Ils veulent "poursuivre le développement" de Siph et comptent sur le retrait de la Bourse pour "renforcer la confidentialité autour de ses activités". Pour garantir l'entente cordiale, Michelin a notamment obtenu que son accord soit obligatoire pour toutes les décisions stratégiques concernant le groupe. De leur côté, les actionnaires Sifca s'engagent à "conserver au minimum 51% des droits de vote de Sifca, et Sifca s'engage à conserver au minimum 34% des droits de vote de Siph".

 

Le caoutchouc est essentiel pour la production de pneus, ce qui explique l'intérêt de Michelin, premier client de Siph : 60 à 70% de la production mondiale de caoutchouc est aujourd'hui absorbée par l'industrie pneumatique. La production de caoutchouc et la gestion de milliers d'hectares d'hévéas restent néanmoins un domaine éminemment agricole, éloigné du quotidien industriel du numéro un mondial du pneu, tant elles dépendent d'aspects agronomiques et météorologiques. Il faut notamment attendre sept ans avant qu'un hévéa produise sa première "saignée" de latex, jaillissant entre le bois et l'écorce.

 

En revanche, Michelin, présent sur les cinq continents, aura plus de capacité de réaction et d'adaptation que le petit Siph face aux bulles spéculatives qui s'emparent régulièrement des cours mondiaux du caoutchouc, comme celle de 2010-2011, estiment les observateurs. Le caoutchouc est surtout coté en Asie (Singapour, Japon et Shanghaï).

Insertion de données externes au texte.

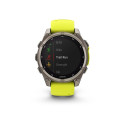 Garmin fenix 8 3.3 cm (1.3") 47 mm digitaalne 260 x 260 pikslit puuteekraan titaan Wi-Fi GPS (satell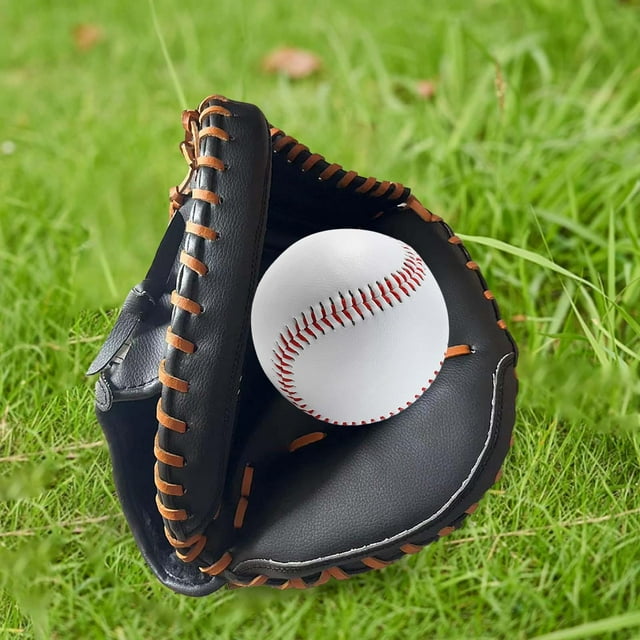 Guante de receptor de béisbol Cola de 12,5'' para mano izquierda Marrón oscuro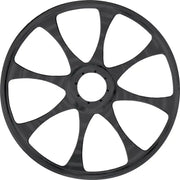 404-4002-02 8 Spoke Billet Wheel Black 8" 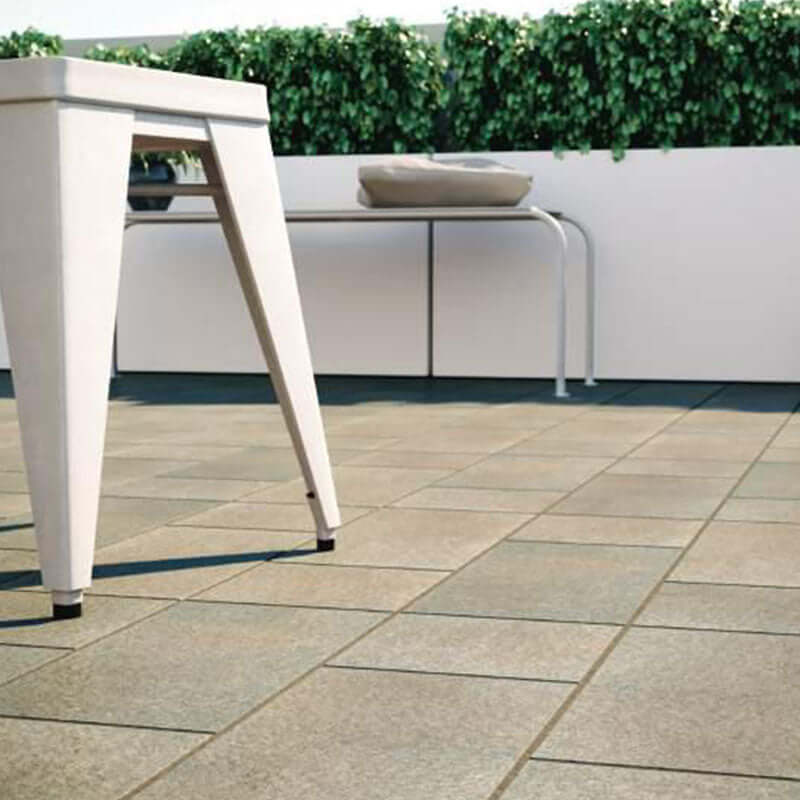 Gres Porcellanato Effetto Pietra Grip 20.1x20.1 Real Stone Silver - Herberia
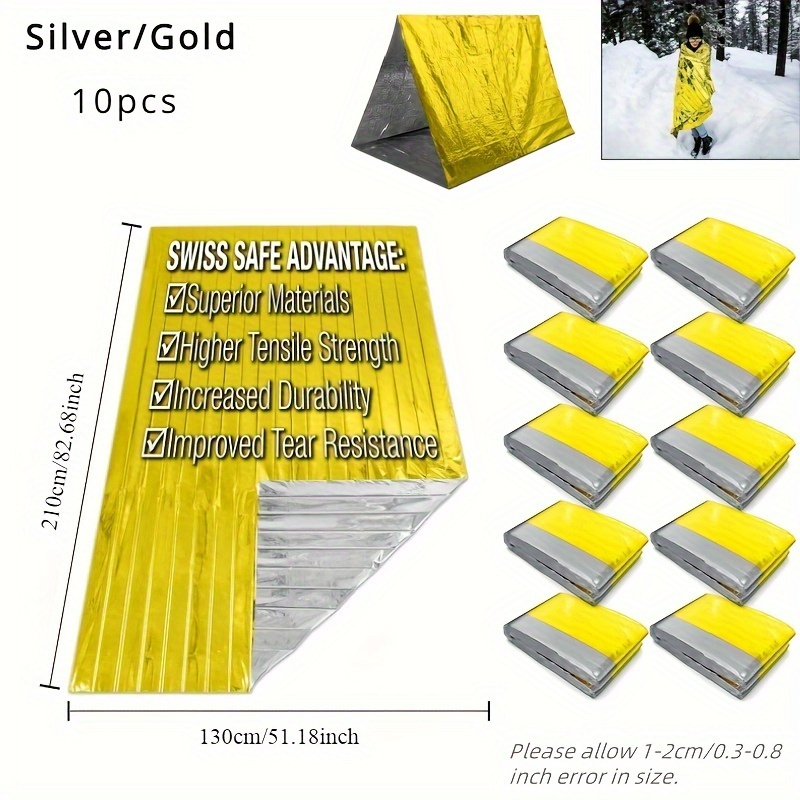 Emergency Mylar Insulation Bla - огляд і ціна Emergency Mylar Blanket
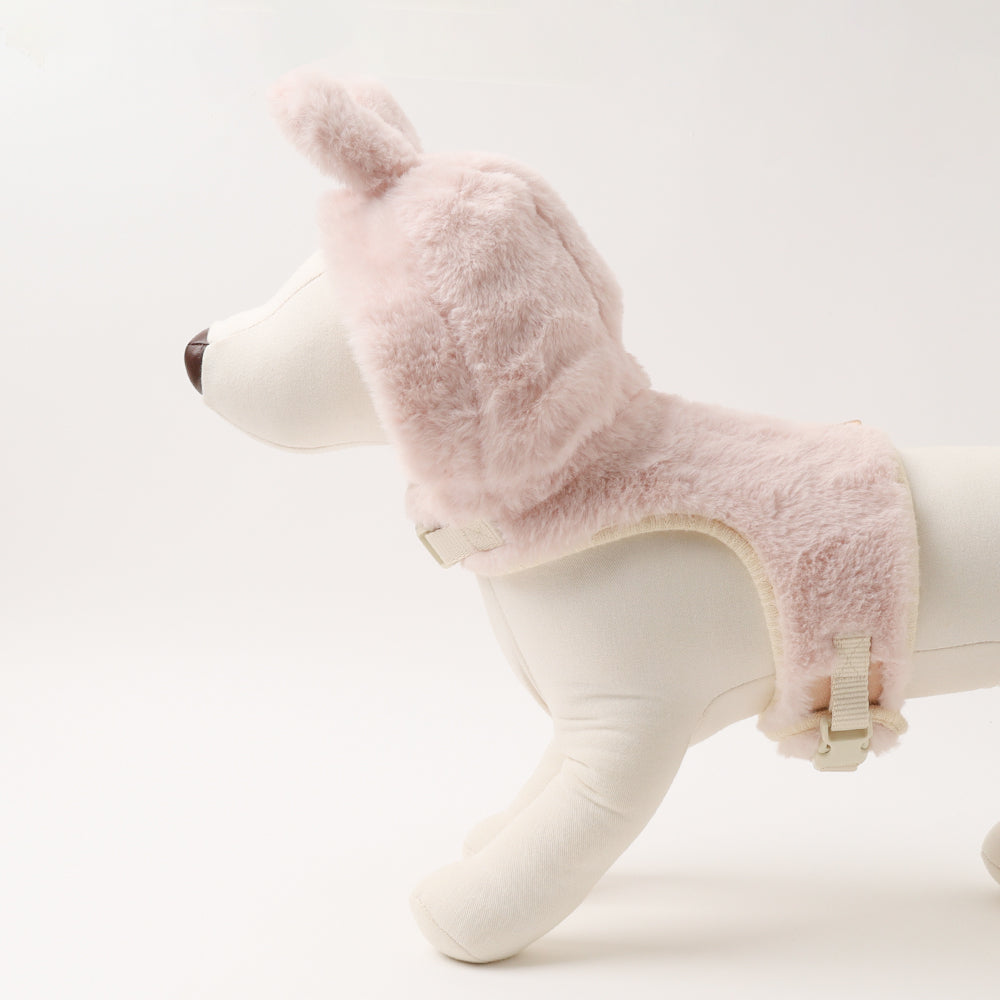 Hood fur harness with rabbit ears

L'Afrique, où Siph est implantée, ne représente que 5% de la production mondiale de caoutchouc, alors que l'Asie du Sud-Est assure 90% des quelque 12 millions de tonnes produites chaque année dans le monde, avec la Thaïlande comme premier producteur, devant la Malaisie.

 

Sifca, le plus grand groupe agro-industriel ivoirien, est piloté essentiellement par deux familles, la famille Billon et la famille Lambelin-Doumbia. Le groupe a subi un profond traumatisme lorsque son président et fondateur, Yves Lambelin, également fondateur de Siph, a été enlevé, torturé et assassiné le 4 avril 2011 en compagnie de deux autres responsables du groupe et du directeur de l'hôtel Novotel d'Abidjan, Stéphane Frantz di Rippel, par un commando venu de la présidence ivoirienne, alors aux mains des partisans de Laurent Gbagbo. En avril dernier, les principaux accusés de ces meurtres ont été condamnés à des peines de six à vingt ans de prison par la cour d'assises d'Abidjan.